Q: Were there any stories that were extremely emotionally stirring?
A: Yes. Briony Zlomke Beckstrom, a librarian from Wisconsin started a program to loan dolls to children who couldn’t afford to buy them. I burst into tears of joy while talking to her on an escalator and nobody reads that chapter with a dry eye. And Candice Mack from the Los Angeles Central Library who realized that some of the kids coming to her reading programs were homeless so she started a lunch program to get them food. When all the other safety nets get pulled away, libraries are expanding what they do to catch as many people as they can.

Q: How did the vision of this book change as you interviewed more and more librarians?
A: I think my vision of it stayed pretty constant — which was “put librarians in front of as many people as you can, let them tell you what they’re doing, how they can help you and how you can help them.” It was a really simple idea, and the things that changed were my publishers. When I received my contract it discussed photos and writing 40,000 words. So then I realized that I needed to create words other than the librarian’s stories.

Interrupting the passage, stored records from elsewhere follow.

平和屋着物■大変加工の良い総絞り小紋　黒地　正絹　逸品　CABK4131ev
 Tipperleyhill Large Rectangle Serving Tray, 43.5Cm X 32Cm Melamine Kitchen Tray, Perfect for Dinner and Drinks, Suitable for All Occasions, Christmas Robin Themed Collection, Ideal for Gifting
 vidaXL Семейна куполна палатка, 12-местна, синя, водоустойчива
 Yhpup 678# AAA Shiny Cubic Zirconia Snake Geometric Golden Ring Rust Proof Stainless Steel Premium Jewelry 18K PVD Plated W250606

Q: What are your hopes for this book?
A: I hope that this book connects people with libraries. I hope it puts libraries on people’s radar and that they pay attention when there’s a bill up in the state legislature about saving .003% of the state’s budget by closing the libraries on Tuesdays or something. But really I’d like for people to become aware of the really broad group of services that libraries are offering and that librarians are powering. I want people to go “oh!” when they meet a librarian at a party in the same way they’d go “oh!” if they met an astronaut at a party. I want people to walk away thinking “these people are amazing, they’re doing amazing work and I want to help, however I can."